AVAILABLE RECORDS =>
**********
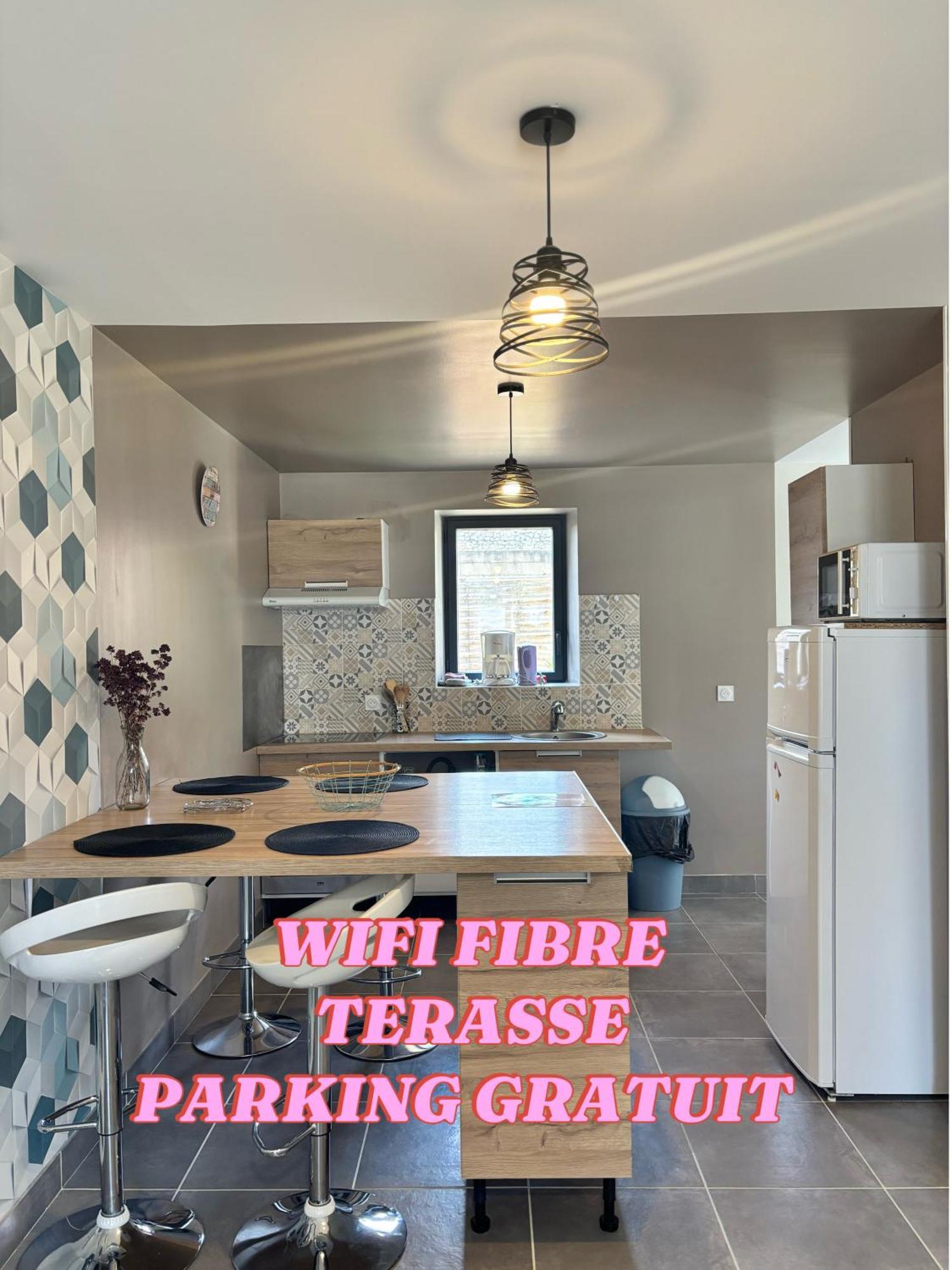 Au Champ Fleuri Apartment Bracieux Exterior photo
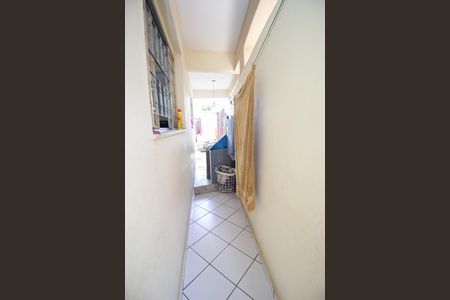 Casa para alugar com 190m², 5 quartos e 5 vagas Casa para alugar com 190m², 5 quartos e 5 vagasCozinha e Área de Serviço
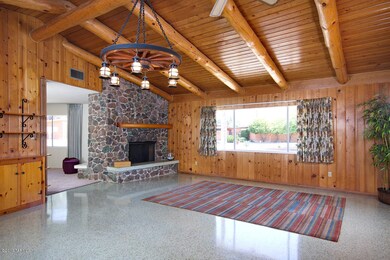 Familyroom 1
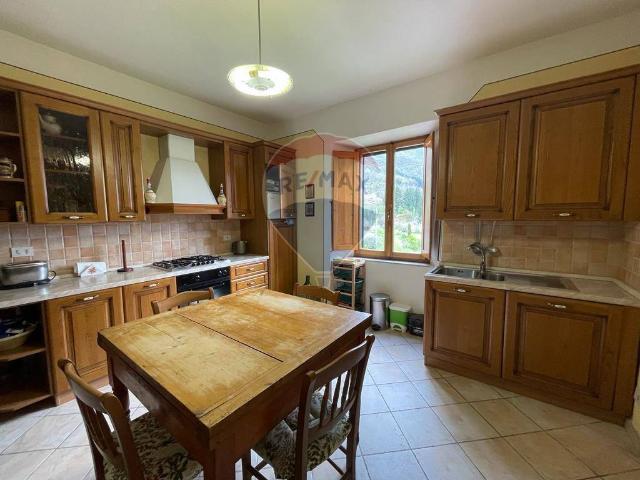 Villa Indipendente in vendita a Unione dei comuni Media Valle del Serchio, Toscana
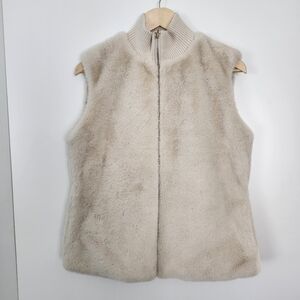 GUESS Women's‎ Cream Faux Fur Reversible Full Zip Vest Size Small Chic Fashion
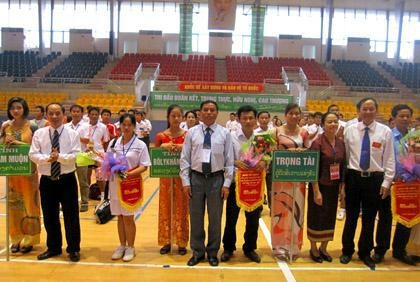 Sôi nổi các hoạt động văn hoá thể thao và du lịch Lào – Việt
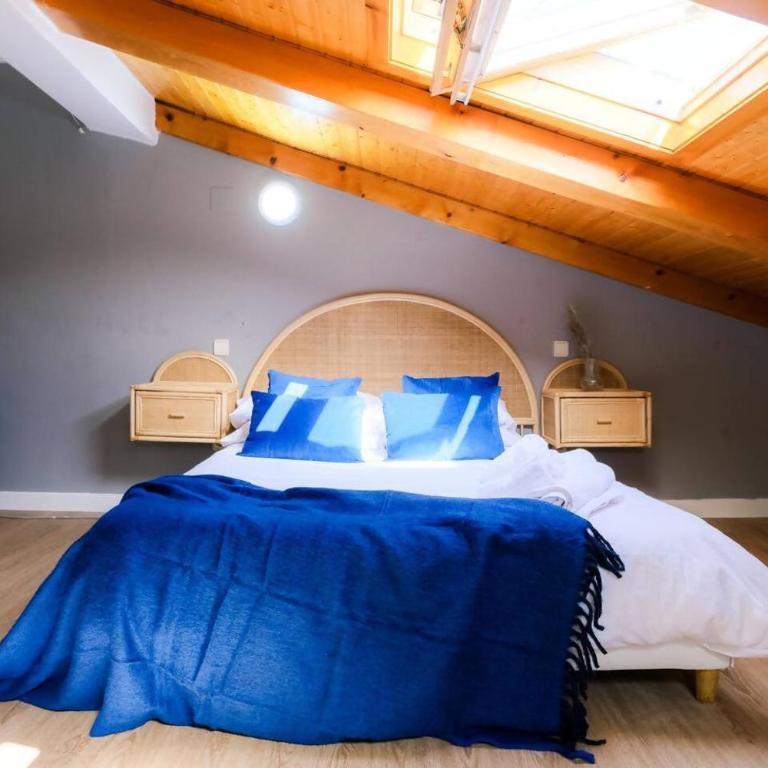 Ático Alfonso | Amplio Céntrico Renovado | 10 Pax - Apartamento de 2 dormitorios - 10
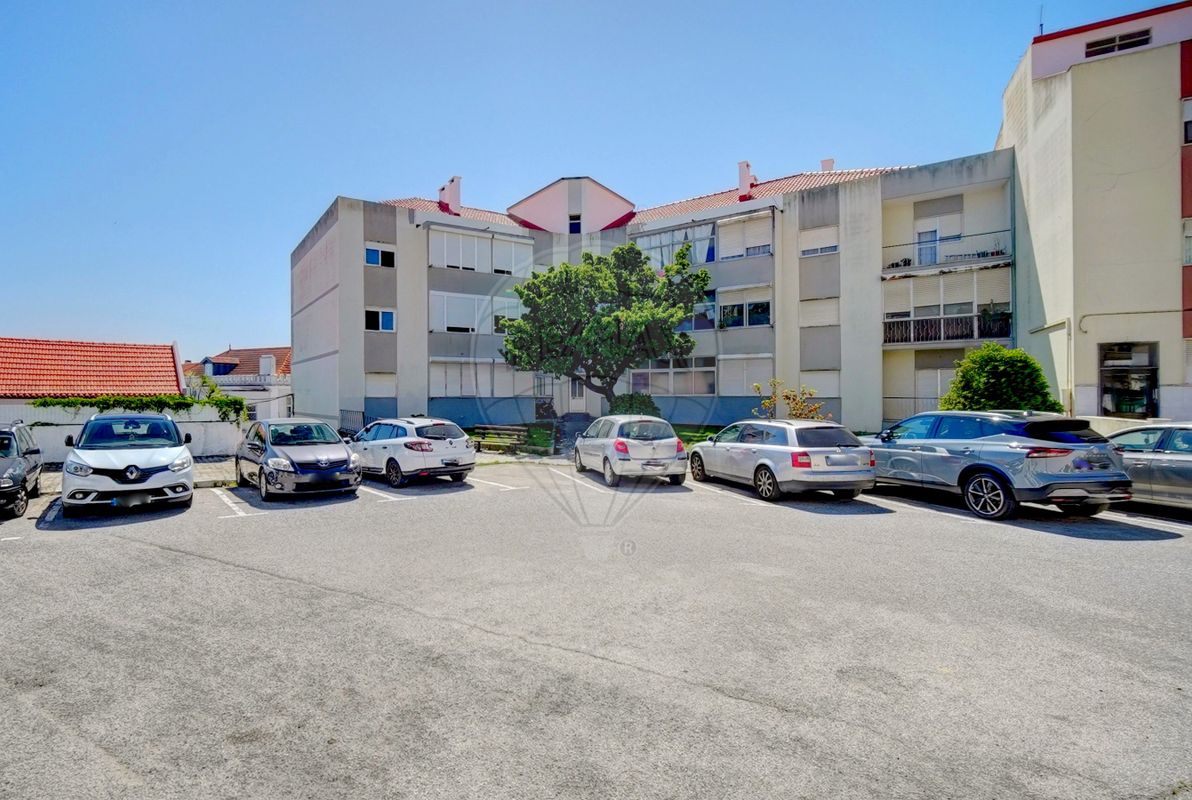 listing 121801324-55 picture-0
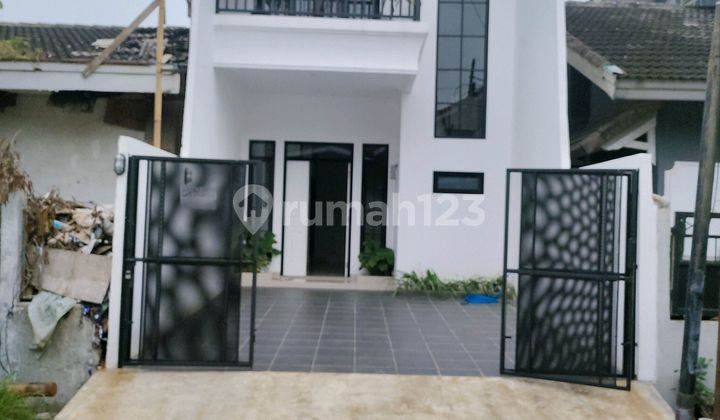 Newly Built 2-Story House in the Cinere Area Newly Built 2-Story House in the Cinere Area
**********
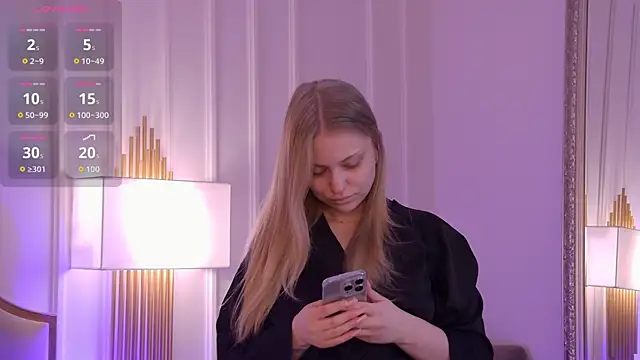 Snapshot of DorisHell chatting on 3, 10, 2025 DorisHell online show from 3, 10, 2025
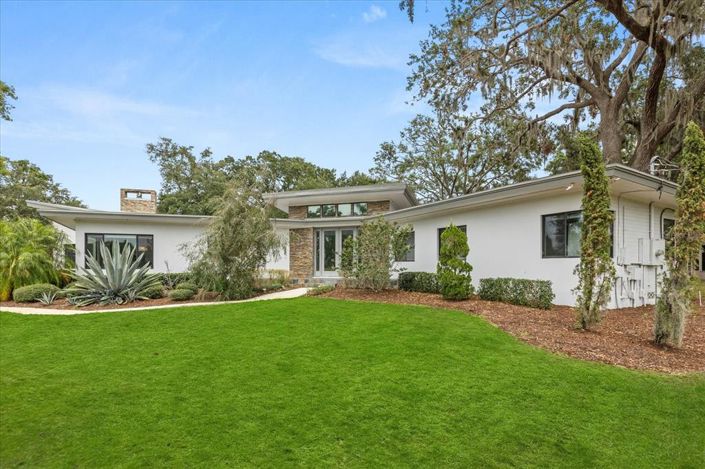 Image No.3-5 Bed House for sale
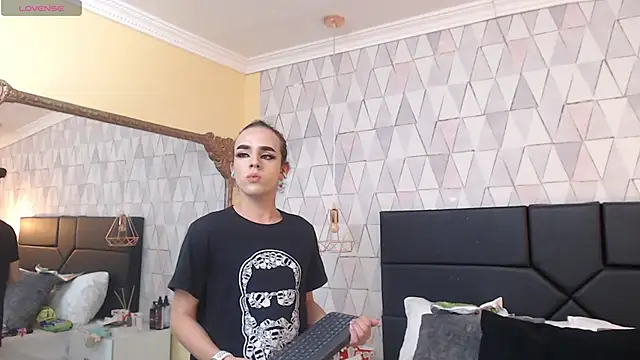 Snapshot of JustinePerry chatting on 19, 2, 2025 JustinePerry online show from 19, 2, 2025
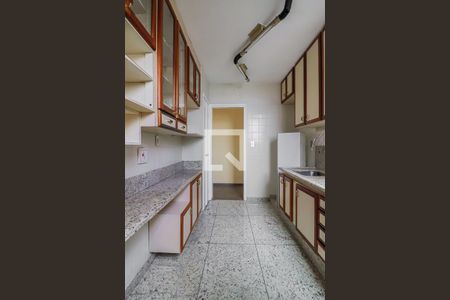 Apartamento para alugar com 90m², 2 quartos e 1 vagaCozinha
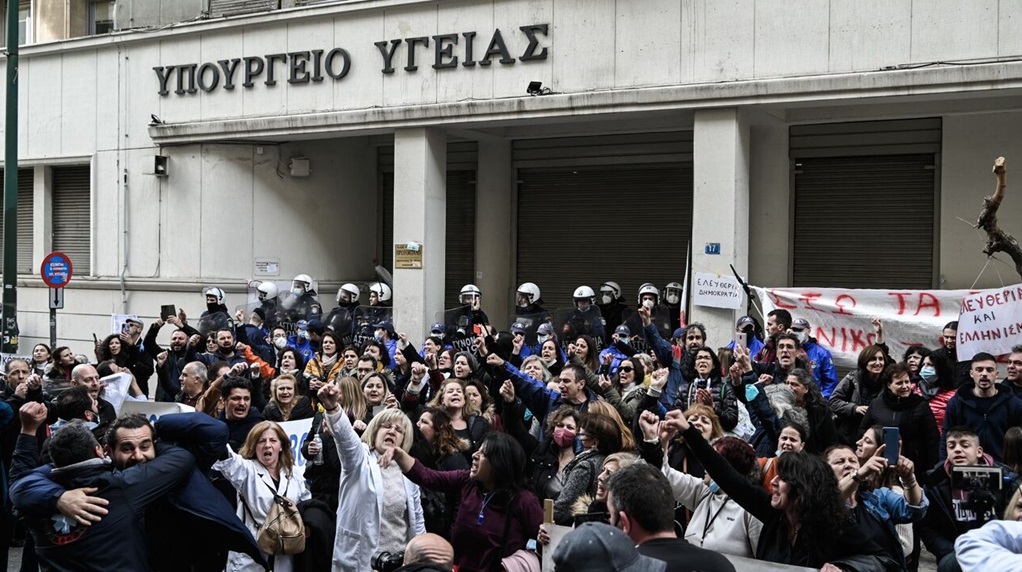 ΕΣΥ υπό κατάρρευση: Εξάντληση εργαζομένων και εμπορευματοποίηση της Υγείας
**********
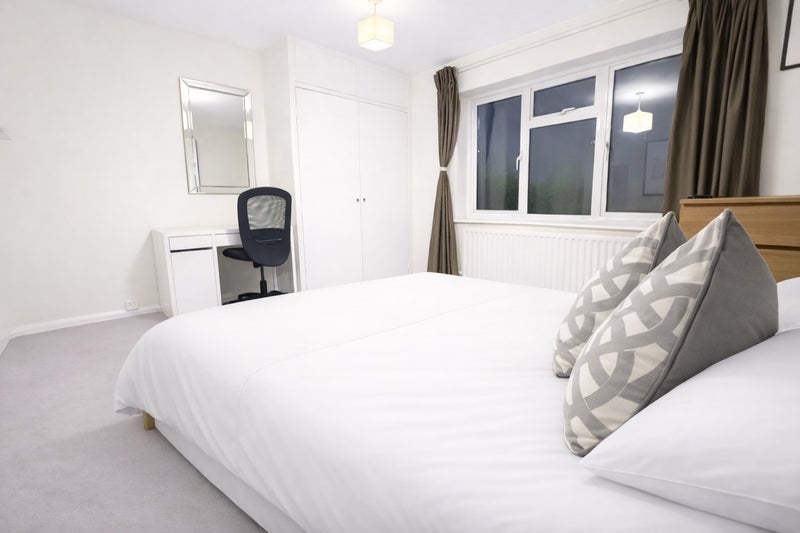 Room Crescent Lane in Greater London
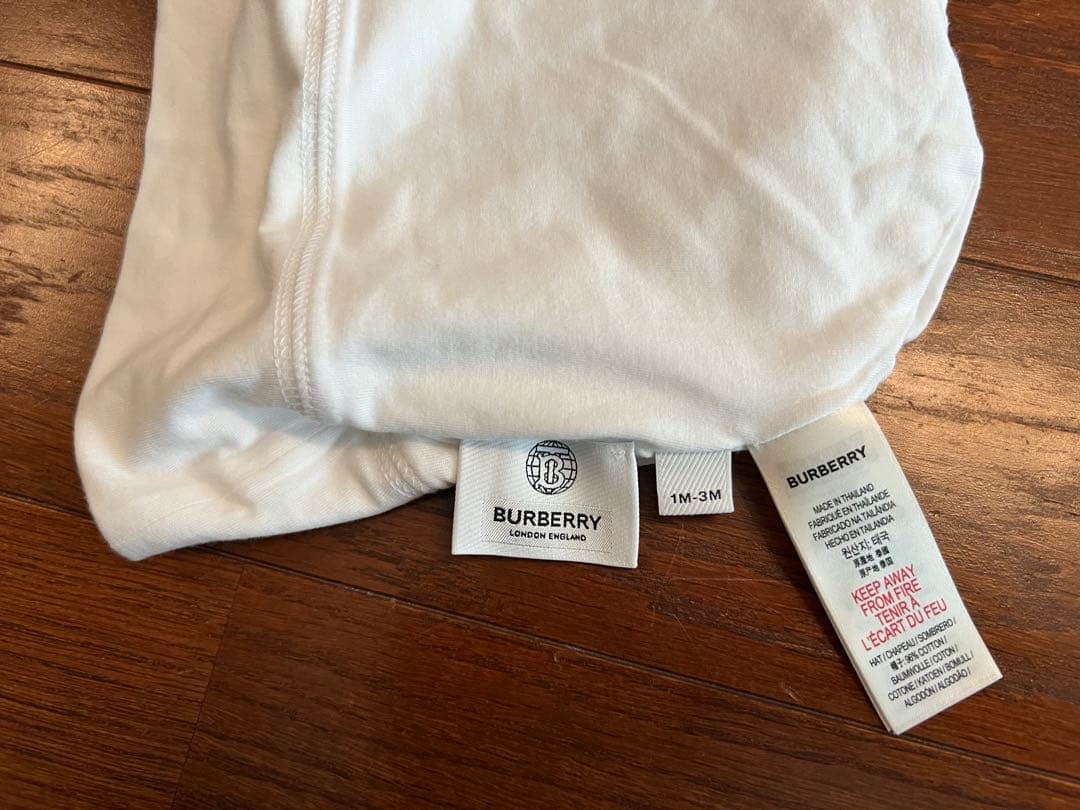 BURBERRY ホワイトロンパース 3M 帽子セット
**********
What is needed is an exact copy of only the lines above from the one with "Casa para alugar com 190m², 5 quartos e 5 vagas Casa" to the one with "Villa Indipendente in", both kept, with every picture left out.

 Casa para alugar com 190m², 5 quartos e 5 vagas Casa para alugar com 190m², 5 quartos e 5 vagasCozinha e Área de Serviço
 Familyroom 1
 Villa Indipendente in vendita a Unione dei comuni Media Valle del Serchio, Toscana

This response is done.